In [1]:

import pandas as pd
from sklearn import preprocessing
from sklearn.model_selection import train_test_split
from sklearn.pipeline import Pipeline
from sklearn.linear_model import LogisticRegression
from sklearn.ensemble import GradientBoostingClassifier
from sklearn.model_selection import GridSearchCV
from sklearn import metrics
from keras.models import Sequential
from keras.layers import Dense, Dropout, BatchNormalization, MaxPool1D, Flatten, Conv1D
from keras.utils import to_categorical
import numpy as np

Using TensorFlow backend.

In [2]:

from IPython.core.display import display, HTML
display(HTML("<style>.container { width:100% !important; }</style>"))
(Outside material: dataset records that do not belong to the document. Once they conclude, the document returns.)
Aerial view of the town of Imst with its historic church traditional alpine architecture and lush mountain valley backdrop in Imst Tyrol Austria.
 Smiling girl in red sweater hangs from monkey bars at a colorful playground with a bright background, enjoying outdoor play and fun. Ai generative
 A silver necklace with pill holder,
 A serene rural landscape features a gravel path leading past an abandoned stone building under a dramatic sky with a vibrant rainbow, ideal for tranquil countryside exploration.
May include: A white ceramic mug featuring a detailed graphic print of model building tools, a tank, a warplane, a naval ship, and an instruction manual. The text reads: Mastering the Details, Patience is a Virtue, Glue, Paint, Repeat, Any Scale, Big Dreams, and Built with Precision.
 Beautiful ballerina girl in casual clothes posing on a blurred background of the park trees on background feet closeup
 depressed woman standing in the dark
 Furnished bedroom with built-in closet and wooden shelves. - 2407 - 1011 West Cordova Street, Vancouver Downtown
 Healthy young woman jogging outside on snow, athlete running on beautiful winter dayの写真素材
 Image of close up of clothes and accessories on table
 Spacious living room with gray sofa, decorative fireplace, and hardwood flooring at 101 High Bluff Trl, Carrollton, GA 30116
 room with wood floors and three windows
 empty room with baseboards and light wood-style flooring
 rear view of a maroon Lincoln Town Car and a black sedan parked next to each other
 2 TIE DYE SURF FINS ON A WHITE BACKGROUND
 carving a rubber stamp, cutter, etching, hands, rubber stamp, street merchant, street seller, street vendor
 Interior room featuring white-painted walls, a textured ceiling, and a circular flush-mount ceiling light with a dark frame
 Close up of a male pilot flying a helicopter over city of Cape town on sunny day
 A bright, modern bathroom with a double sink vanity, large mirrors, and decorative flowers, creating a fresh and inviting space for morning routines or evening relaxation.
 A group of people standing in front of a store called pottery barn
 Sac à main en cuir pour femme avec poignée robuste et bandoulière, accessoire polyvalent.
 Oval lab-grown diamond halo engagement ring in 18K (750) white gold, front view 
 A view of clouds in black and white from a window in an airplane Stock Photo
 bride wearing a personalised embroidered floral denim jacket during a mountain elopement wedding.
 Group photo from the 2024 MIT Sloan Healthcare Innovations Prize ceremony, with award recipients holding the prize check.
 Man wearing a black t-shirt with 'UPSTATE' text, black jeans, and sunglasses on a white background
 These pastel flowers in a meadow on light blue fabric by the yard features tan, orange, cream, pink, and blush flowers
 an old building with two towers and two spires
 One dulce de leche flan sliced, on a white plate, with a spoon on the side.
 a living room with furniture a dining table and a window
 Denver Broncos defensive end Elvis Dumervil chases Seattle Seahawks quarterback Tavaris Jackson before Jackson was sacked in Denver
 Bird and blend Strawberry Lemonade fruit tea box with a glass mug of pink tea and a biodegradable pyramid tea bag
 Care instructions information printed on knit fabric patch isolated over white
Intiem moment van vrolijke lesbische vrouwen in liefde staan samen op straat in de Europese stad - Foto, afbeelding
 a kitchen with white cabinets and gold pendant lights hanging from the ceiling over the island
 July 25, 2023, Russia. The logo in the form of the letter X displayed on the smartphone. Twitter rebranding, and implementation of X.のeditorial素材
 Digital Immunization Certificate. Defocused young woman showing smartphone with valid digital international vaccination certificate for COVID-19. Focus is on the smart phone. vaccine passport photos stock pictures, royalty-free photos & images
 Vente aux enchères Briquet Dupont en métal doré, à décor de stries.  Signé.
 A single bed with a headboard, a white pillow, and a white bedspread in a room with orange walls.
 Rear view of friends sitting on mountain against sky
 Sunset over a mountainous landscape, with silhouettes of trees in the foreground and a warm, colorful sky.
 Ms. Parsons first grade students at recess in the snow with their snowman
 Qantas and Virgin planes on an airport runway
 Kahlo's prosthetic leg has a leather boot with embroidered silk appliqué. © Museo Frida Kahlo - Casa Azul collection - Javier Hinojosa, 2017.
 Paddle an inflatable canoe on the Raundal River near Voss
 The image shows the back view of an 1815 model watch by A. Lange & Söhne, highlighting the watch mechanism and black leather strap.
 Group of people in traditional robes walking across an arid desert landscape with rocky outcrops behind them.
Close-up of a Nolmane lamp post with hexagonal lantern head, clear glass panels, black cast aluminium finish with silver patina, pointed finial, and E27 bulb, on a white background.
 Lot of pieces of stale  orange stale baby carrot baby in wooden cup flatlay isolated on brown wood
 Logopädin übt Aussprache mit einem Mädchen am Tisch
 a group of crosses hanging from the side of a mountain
The Data and Question of Interest¶

Let's take a look at the UCI Adult Data Set. This data set was extrated from Census data with the goal of prediction who makes over $50,000.

I would like to use these data as a means of exploring various machine learning algorithms that will increase in complexity to see how the compare on various evaluation metrics. Additonally, it will be interesting to see how much there is to gain by spending some time fine-tuning these algorithms.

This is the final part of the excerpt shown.